My mum passed away
Zoffany · 03/02/2011 13:49
I am 14 weeks pregnant with number 4 and just lost my mum last Sunday - she has been very ill for a while and we knew that there was always a possibility that we might lose (she was on the waiting list for a heart transplant) but nothing can prepare you for when it actually happens, she was only 50 years old and an absolutely amazing, selfless, extremely kind and generous person. I'm not really sure why I'm posting on here really, perhaps it's therapeutic, I don't know. In any case, I think it has some relevance in this section.....
A few weeks ago, there I was wondering if my dh and I had made the right decision to go for number 4, all the usual things going through my mind - how will I cope with 4 under 7? How will I cope with having to drive a bigger car? Worrying that people will think that I am total nutter for having any more, wanting to hide the pregnancy for as long as possible etc etc etc but after going through the pain of the last few days and being one of 5 myself, it has confirmed to me that we have totally made the right decision. I am not sure how I would be coping at the moment if it wasn't for my siblings and I am so thankful to my mum for them - it has brought us all closer together and we have been able to both cry (a lot) and smile about all our shared experiences. We have been able to share the burden of inevitable formalities that go hand in hand with somebody dying and also have peace of mind that there enough of us to support my father who is pieces right now. We have different qualities to offer to each other and just to the situation in general. I take great comfort in knowing that when the time comes for me and my dh one day, my children will have each other.

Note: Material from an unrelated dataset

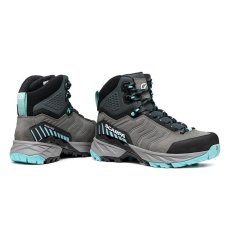 画像7: SCARPA スカルパ ラッシュトレック GTX WMN【◎】 (7)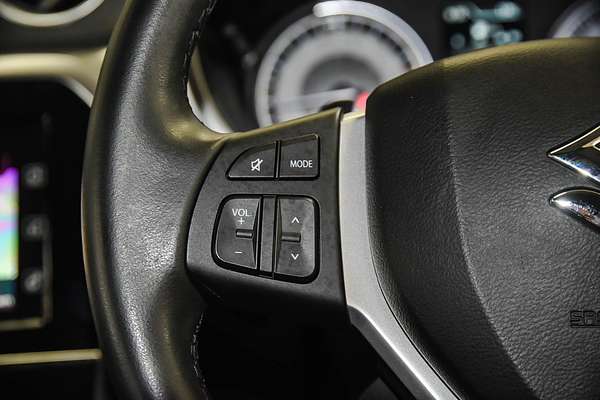 2020 Suzuki Vitara LY Series II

My children have totally amazed me too with how they are dealing with all this, I am so very proud of them. My eldest is 6 and a half and has been so thoughtful and just wonderful, my 4 and a half year old has shown emotional intelligence that I would never have thought a child so young could display and my 20 month old, well, she's just little but it's wonderful for all us to know that at the moment she still remembers my mum. We know this because the first thing she did when she went to my mum's house after the funeral, was say 'nanny' and then she went looking for her. Although this pulled on our heart strings, it was also just lovely that she has a memory of her for now. The great thing about having my children is that I can see qualities that my mum had in all of them and I now very much look forward to the time when I can look at our latest addition and think, 'that's just like my mum'. My mother absolutely doted on her grandchildren and was very happy and excited about our number 4 and although I am so very sad that she will not get to meet this latest grandchild, I, too, am now able share her excitement about this new baby without my previous worries. I take great comfort in the knowledge that there will be another little bit of her living on in this new life that will be joining us next summer.

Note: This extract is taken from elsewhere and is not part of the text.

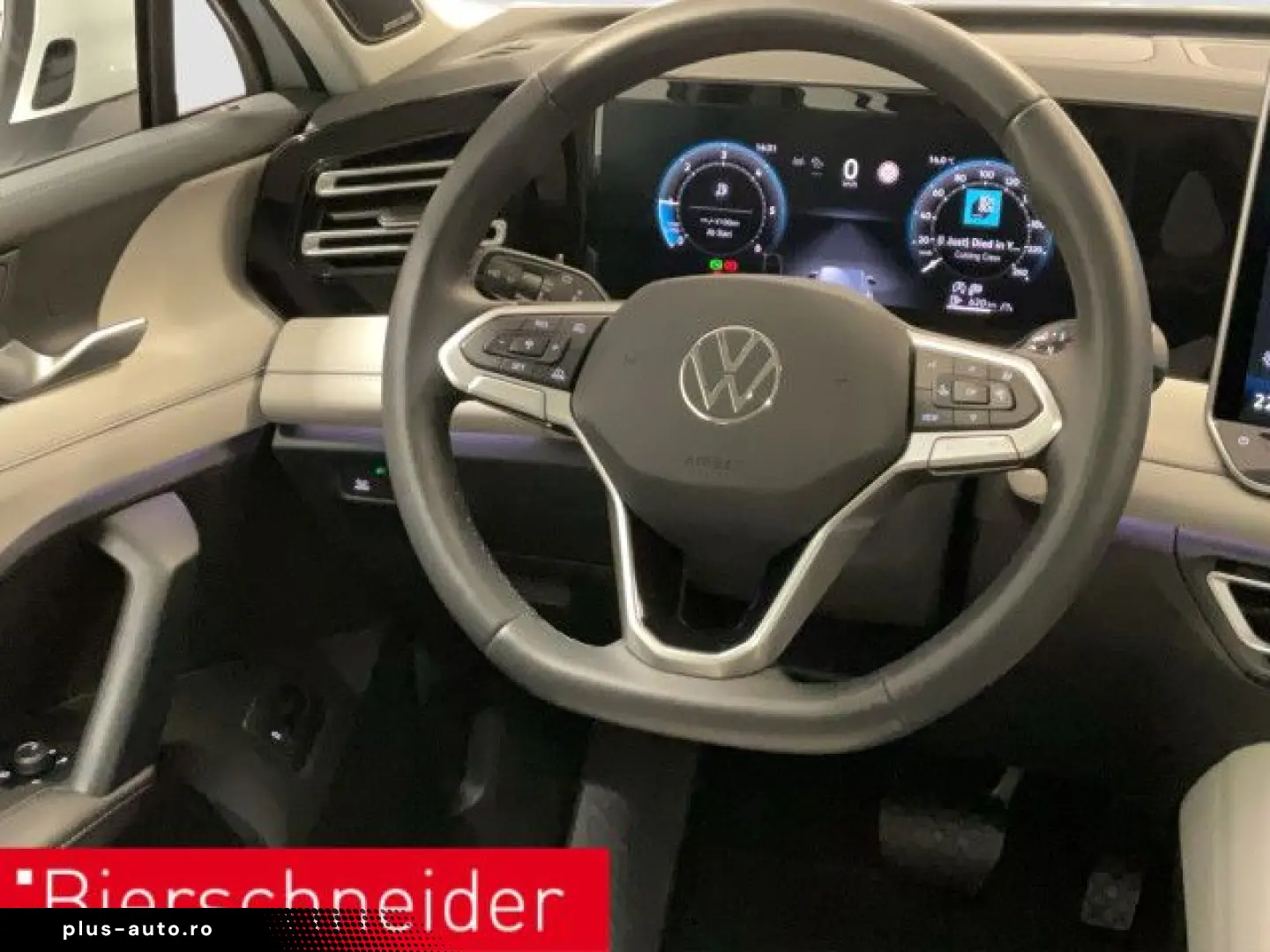 VW Tiguan 2.0 TDI DSG 4Mo Elegance AHK PANO STAND 2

2cats2many · 03/02/2011 13:52
So sorry to hear this.
I agree with you that siblings are the best presents you can give a child.
Your family sounds lovely.
hollyfort · 03/02/2011 19:14
My heart goes out to you at this time, it must be so difficult. It's great that you have comfort in your lovely family,(both your own kids and your siblings) . Rejoice in your pregnancy and look forward to your no.4, as you said your mother was very much looking fwd to a new grandchild and I'm sure you'll agree that what she thinks is so, so much more important than what a group of idiotic people have to say to others who they sometimes hardly know!! "another one"!! Will you go again for a boy/girl etc.

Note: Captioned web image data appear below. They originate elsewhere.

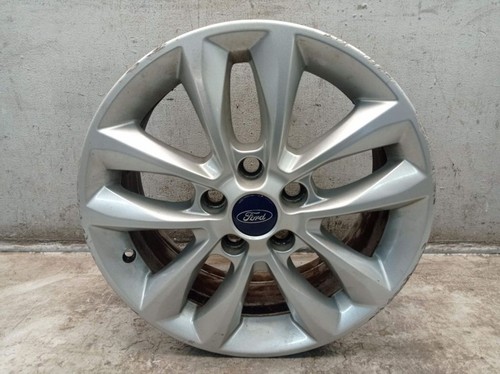 Ford mondeo - mondeo, (ba7)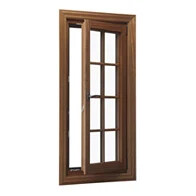 Parkcity In Swing Casement Window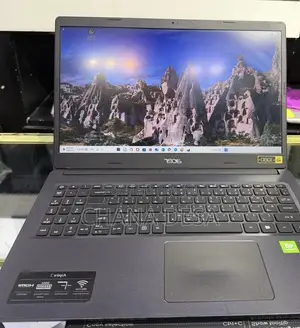 New Laptop Acer Aspire 3 8GB Intel Core i7 HDD+SSD 1T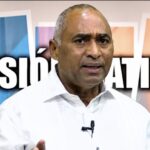 Senador Julito Fulcar afirma productores de mango no perderán su cosecha tras suspensión de exportaciones a Estados Unidos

Zoffany · 04/02/2011 14:13
Thank you both for your kind messages.
Hollyfort - yes, absolutely, it matters much more to me what my mum thought and that's why I have finally got over my own insecurities about telling people about number 4.
letsgetloud · 04/02/2011 22:55
Your Mum sounds as if she was a wonderful person. I am sorry for your loss and hope you get all the comfort you need from your family.
Mama5isalive · 05/02/2011 16:43
firstly i want to say congraulation to u and yours and then i would like to offer my condolences of the loss of your dear mother who was taken from you so young! My God what can prepare you for your mum passing for, trust me when it happened to me 2 years now i felt like i was going to die!!!!!! i have got 3 siblings but me being the youngest and speaking to her EVERyday was hard! but trust me i know she watching my and so proud of all i have done in my life, my wedding day, my kids x4 at that time but 5 now! I found out i was pregnant shortly after the funeral and i was mixed with emotions but so happy for was waiting from 06 to have another child,glad that me and DH decided to adopt 2 lovely boys and just as this all happened mum passed away!
the hardest time for me is not having my mum at the birth of my 1st boy! but i had a tshirt made that had a lovely picture of her smiling which i wore whilst in labour so in a way she was there!( may sound tacky)
The wonderful legacy of your mum will live on in you and sharing fond memories to your wonderful children will never fade!
all the best to you and yours and dont forget this is still so fresh and new and allow yourself to grieve in whatever way you need,i still cry now.
slipperandpjsmum · 05/02/2011 16:57
I am so sorry for your loss. I am an only child and when my Dad died I arranged his funeral on my own. Being his only child seemed to make it more painful for me. I have watched friends over the years gain great comfort from their siblings at terrible times like this.
Take comfort in knowing the wonderful gift you have given to your children, the life long support you have bestowed upon them is priceless just as your Mum did for you x x
Haribojoe · 05/02/2011 19:49
I'm so sorry for your loss.
When my Mum died 18 months ago I took great comfort in the support of my brother, especially as my Mum always said she knew we'd never be on our own as we had each other.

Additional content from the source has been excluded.